## What the exercise asks
Please reproduce, exactly and with nothing added, the line containing "Layer of damaged" and every line after it to the end of the records.

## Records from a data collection
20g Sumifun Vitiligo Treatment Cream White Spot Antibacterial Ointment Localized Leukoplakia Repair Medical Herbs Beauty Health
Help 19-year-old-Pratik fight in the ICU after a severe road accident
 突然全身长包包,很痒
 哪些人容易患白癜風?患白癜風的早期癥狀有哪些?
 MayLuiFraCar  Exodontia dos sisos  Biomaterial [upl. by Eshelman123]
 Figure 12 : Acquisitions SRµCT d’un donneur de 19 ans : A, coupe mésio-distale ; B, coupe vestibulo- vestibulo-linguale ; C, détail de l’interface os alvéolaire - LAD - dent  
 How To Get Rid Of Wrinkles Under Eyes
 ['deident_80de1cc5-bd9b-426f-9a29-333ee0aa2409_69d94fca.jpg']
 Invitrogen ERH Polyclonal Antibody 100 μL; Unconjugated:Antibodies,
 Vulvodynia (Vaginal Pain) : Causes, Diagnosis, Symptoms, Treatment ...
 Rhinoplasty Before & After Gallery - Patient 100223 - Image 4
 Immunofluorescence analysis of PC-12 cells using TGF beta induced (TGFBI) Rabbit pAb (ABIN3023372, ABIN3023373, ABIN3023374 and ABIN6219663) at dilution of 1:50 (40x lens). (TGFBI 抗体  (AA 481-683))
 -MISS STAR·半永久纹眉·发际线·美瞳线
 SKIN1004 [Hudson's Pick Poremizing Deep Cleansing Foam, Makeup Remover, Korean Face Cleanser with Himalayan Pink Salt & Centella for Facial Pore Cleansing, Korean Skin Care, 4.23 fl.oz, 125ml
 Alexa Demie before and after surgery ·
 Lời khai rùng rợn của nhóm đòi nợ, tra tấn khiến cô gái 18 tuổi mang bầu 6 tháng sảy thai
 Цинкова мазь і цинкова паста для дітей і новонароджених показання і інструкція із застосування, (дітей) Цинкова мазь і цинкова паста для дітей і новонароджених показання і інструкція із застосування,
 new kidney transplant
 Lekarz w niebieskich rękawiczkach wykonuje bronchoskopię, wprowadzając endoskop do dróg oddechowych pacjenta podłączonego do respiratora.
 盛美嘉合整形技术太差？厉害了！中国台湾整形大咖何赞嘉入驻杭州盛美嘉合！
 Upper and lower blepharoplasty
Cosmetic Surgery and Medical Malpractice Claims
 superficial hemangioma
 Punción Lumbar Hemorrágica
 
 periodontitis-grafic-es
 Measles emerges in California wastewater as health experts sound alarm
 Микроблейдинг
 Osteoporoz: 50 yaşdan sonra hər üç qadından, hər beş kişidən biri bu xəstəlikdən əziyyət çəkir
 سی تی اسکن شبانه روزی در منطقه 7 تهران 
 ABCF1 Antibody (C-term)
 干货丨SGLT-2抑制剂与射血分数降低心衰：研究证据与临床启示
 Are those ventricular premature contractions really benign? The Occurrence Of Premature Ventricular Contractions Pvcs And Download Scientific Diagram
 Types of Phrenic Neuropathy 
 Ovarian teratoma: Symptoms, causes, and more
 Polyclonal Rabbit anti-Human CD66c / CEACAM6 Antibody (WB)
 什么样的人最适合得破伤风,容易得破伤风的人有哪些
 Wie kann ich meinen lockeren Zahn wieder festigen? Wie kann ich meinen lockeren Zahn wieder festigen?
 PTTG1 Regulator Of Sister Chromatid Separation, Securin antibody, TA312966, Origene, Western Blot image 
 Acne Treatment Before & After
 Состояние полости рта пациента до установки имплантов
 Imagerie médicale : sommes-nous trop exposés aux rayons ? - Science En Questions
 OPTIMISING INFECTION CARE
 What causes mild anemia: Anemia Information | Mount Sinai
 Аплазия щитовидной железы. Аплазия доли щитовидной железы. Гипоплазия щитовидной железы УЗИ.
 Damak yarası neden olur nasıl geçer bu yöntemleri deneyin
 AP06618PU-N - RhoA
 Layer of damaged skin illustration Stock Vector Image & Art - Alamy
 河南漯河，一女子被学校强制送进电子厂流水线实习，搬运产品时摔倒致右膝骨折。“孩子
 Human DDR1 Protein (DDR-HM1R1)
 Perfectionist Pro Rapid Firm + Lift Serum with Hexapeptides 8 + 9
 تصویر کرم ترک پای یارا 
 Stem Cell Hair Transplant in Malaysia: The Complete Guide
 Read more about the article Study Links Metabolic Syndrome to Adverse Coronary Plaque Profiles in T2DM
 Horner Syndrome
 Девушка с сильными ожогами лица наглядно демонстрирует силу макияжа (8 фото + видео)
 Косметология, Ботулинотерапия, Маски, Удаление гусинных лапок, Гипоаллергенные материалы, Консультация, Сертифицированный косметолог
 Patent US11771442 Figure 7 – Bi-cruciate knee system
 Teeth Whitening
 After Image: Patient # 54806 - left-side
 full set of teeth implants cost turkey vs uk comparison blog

## Answer space
 Layer of damaged skin illustration Stock Vector Image & Art - Alamy
 河南漯河，一女子被学校强制送进电子厂流水线实习，搬运产品时摔倒致右膝骨折。“孩子
 Human DDR1 Protein (DDR-HM1R1)
 Perfectionist Pro Rapid Firm + Lift Serum with Hexapeptides 8 + 9
 تصویر کرم ترک پای یارا 
 Stem Cell Hair Transplant in Malaysia: The Complete Guide
 Read more about the article Study Links Metabolic Syndrome to Adverse Coronary Plaque Profiles in T2DM
 Horner Syndrome
 Девушка с сильными ожогами лица наглядно демонстрирует силу макияжа (8 фото + видео)
 Косметология, Ботулинотерапия, Маски, Удаление гусинных лапок, Гипоаллергенные материалы, Консультация, Сертифицированный косметолог
 Patent US11771442 Figure 7 – Bi-cruciate knee system
 Teeth Whitening
 After Image: Patient # 54806 - left-side
 full set of teeth implants cost turkey vs uk comparison blog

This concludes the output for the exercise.